Rock-Ola insists that the testimony contradicted the terms of the subsequent written instrument and thus should not have been considered in determining the contract between the parties.


It is settled that the parol evidence rule is not merely a rule of evidence but part of the law of contracts, and therefore, in this diversity action, Virginia law is controlling. Smith v. Bear, 2 Cir., 1956, 237 F.2d 79, 83, 60 A.L.R.2d 1119; Producers Livestock Loan Co. v. Idaho Livestock Auction, Inc., 9 Cir., 1956, 230 F.2d 892, 894; 9 Wigmore, Evidence, 3rd Ed. 1940, § 2400.


However, paragraph 36 of the Distributor's Agreement provides that the contract was "accepted in the State of Illinois, and all matters pertaining to the validity, construction, interpretation and performance of this agreement shall be determined by the laws of the State of Illinois."

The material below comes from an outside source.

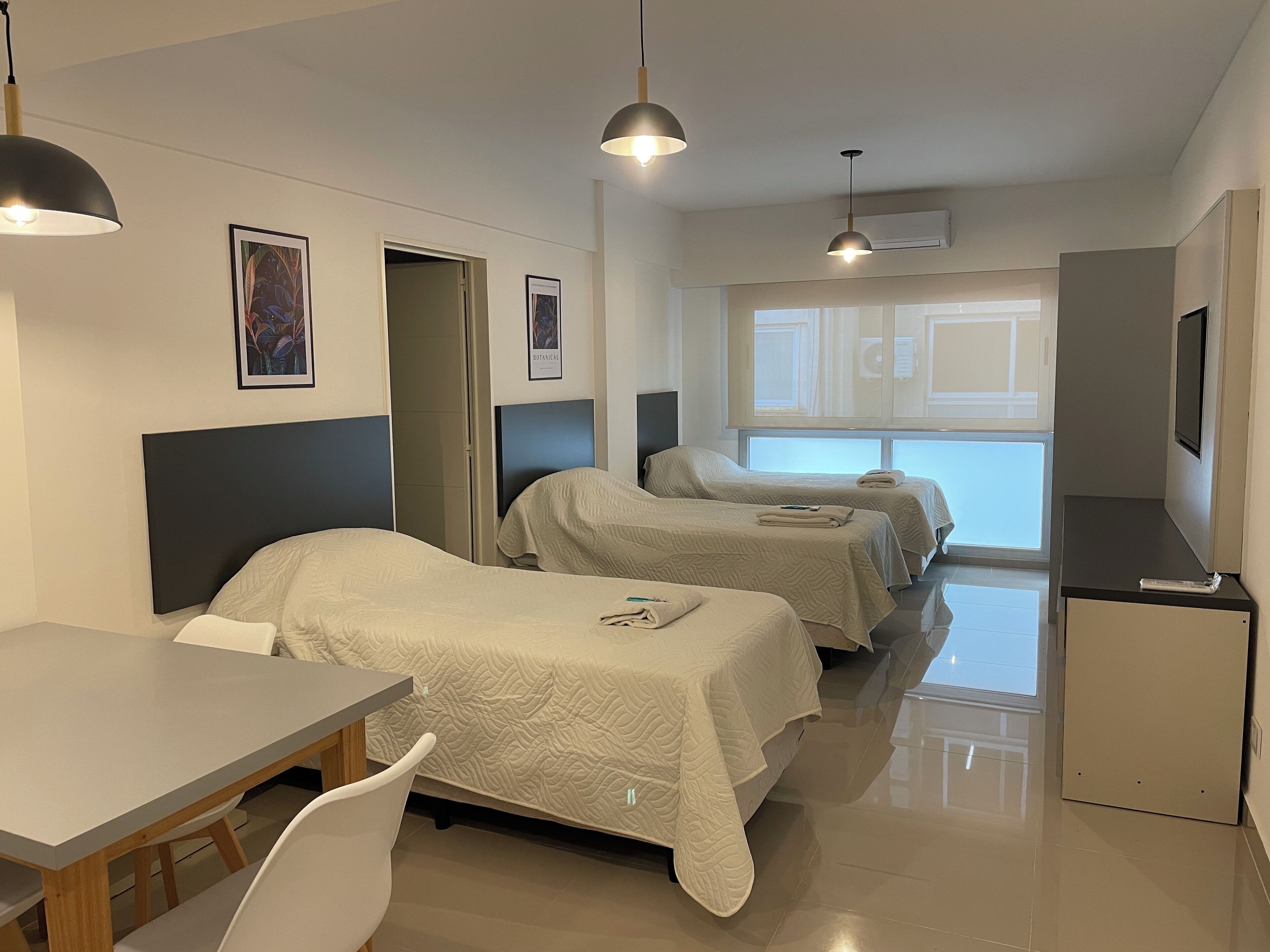 A hotel room with two beds, a desk, and a TV.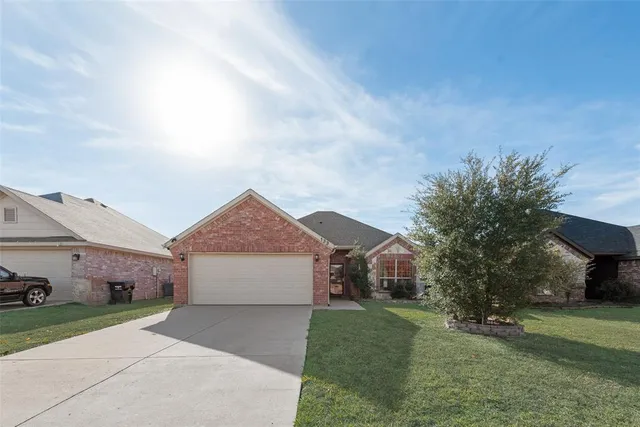 a front view of a house with a garden and trees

On behalf of Wertz it is argued that Virginia decisions pertaining to the parol evidence rule are applicable, while Rock-Ola urges that a Virginia court would, if faced with the present problem, look to Illinois decisions. The point appears not to have been passed upon in any case by the Supreme Court of Appeals of Virginia. It is not necessary, however, to determine in this case whether Virginia, under its conflict of laws rules, would apply its own or Illinois parol evidence decisions, for we conclude after examination of the Virginia and Illinois cases that under the law of either state the oral testimony was inadmissible.


Virginia has long recognized traditional exceptions to the parol evidence rule in cases such as fraud or mistake in the execution of a written agreement, Slaughter v. Smither, 1899, 97 Va. 202, 33 S.E. 544, ambiguity or doubt, Shockey v. Westcott, 1949, 189 Va. 381, 53 S.E.2d 17, 20, and to show that a written instrument was not to take effect until the performance of a condition precedent, Whitaker & Fowle v. Lane et al., 1920, 128 Va. 317, 104 S.E. 252, 11 A.L.R. 1157.


No Virginia case, however, has been brought to our attention, nor have we found any, which has sanctioned the admission of evidence of an alleged oral agreement contradicting explicit provisions of a subsequent written contract. To the contrary, Virginia decisions have uniformly rejected such evidence. Slaughter v. Smither, 1899, 97 Va. 202, 33 S.E. 544; Harvey v. Richmond, F. & P. Ry. Co., 1934, 162 Va. 49, 173 S.E. 351, 92 A.L.R. 240. Even where it was argued, as Wertz now does, that the writing was not intended to be the true agreement, but rather, that an alleged oral agreement was the actual contract of the parties, evidence of such oral agreement has been excluded. In Jones v. Franklin, 1933, 160 Va. 266, 168 S.E. 753, 754, it was urged that evidence pertaining to the parol agreement was admissible "because it clearly showed that the Conditional Sales Agreement was neither the written memorial of the contract of sale nor was it intended to be." The court, rejecting this contention, described it as "a patent attempt to vary the terms of the written contract" and declared: "Therefore, the evidence on that ground is clearly inadmissible." Again, in Adams v. Seymour, 1950, 191 Va. 372, 61 S.E.2d 23, the Virginia court affirmed the trial judge's ruling that parol evidence was inadmissible to prove that a deed which on its face conveyed timber, was not the intended agreement of the parties.1


Likewise, under Illinois law, Wertz's testimony was excludable. His mere assertion that the written agreement was not intended to be the real agreement is not sufficient to bring the case within the "sham" exception to the parol evidence rule on which he ostensibly relies. A recent Illinois decision, Jost v. Cornelius et al., 1949, 334 Ill.App. 279, 79 N.E.2d 310, 313, makes this clear. It was there held that if it is to be shown that a written agreement was not intended to be a valid and existing contract, "it must be shown by clear and convincing proof," and it is evident from the court's discussion in the above case that one party's testimonial assertion that the written agreement was not the intended agreement is not such proof. Corroborating evidence beyond the testimony of one party is clearly required. In the instant case there was no such corroboration.2 See also Smith v. Bear, 2 Cir., 1956, 237 F.2d 79, 60 A.L.R.2d 1119.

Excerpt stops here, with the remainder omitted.